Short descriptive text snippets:

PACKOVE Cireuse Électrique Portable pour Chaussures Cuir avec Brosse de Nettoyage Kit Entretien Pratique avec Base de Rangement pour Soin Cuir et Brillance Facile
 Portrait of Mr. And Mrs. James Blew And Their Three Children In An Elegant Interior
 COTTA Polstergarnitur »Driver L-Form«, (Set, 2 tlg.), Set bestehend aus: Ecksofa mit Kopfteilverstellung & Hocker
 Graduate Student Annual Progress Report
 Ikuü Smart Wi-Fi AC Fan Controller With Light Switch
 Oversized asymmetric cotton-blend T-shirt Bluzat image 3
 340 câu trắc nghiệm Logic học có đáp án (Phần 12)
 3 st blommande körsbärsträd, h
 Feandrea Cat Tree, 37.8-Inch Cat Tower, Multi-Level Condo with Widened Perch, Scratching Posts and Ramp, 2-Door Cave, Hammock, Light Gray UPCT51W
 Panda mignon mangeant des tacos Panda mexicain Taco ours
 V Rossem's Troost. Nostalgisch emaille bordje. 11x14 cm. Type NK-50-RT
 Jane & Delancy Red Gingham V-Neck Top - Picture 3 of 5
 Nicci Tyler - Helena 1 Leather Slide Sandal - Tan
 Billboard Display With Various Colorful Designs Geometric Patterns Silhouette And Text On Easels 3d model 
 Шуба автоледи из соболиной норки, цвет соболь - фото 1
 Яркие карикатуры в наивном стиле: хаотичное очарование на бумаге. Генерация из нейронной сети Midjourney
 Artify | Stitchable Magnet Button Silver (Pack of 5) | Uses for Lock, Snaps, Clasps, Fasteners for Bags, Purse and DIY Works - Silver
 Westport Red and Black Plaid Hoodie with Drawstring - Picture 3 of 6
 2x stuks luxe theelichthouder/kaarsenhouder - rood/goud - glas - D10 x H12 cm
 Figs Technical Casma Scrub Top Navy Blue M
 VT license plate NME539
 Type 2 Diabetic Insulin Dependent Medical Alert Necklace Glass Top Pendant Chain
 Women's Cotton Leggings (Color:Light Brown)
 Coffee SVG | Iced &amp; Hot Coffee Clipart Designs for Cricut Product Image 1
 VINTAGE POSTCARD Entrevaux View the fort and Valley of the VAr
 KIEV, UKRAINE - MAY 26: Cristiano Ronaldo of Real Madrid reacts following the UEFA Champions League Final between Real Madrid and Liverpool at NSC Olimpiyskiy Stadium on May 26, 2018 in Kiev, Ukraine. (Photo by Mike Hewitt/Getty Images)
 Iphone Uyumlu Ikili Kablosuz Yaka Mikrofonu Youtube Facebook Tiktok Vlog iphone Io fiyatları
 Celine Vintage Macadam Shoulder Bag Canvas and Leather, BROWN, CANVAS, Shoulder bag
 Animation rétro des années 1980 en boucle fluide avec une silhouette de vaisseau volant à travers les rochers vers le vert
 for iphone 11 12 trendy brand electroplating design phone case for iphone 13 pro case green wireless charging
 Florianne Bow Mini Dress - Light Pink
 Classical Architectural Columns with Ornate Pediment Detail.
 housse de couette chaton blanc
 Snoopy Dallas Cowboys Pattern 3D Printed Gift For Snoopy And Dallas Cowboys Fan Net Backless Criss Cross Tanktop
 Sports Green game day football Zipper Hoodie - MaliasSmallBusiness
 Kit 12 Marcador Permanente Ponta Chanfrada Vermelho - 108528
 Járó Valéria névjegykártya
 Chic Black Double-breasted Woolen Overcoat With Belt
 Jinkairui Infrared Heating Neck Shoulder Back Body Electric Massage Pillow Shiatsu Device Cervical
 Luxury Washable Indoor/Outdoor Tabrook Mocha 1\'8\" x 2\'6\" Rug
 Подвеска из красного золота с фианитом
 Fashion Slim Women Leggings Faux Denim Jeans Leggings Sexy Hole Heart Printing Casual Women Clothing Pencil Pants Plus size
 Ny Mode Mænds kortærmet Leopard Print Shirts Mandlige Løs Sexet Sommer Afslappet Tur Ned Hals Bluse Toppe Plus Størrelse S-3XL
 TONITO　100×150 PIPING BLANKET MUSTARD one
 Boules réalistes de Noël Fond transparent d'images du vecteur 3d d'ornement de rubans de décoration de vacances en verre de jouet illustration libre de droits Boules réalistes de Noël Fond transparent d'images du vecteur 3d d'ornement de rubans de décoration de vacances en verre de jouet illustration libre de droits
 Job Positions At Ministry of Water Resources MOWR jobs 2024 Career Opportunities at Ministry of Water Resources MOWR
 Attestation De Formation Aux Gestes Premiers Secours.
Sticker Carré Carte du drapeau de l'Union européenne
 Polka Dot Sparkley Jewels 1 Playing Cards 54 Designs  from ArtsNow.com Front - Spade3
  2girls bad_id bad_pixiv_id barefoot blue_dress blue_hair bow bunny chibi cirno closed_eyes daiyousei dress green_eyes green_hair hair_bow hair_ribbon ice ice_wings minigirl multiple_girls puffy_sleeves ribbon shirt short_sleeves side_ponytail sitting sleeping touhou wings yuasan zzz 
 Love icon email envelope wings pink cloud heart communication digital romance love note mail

### Task description
Copy the lines above that hold the word "Shoulder".

### Result of this task
 Celine Vintage Macadam Shoulder Bag Canvas and Leather, BROWN, CANVAS, Shoulder bag
 Jinkairui Infrared Heating Neck Shoulder Back Body Electric Massage Pillow Shiatsu Device Cervical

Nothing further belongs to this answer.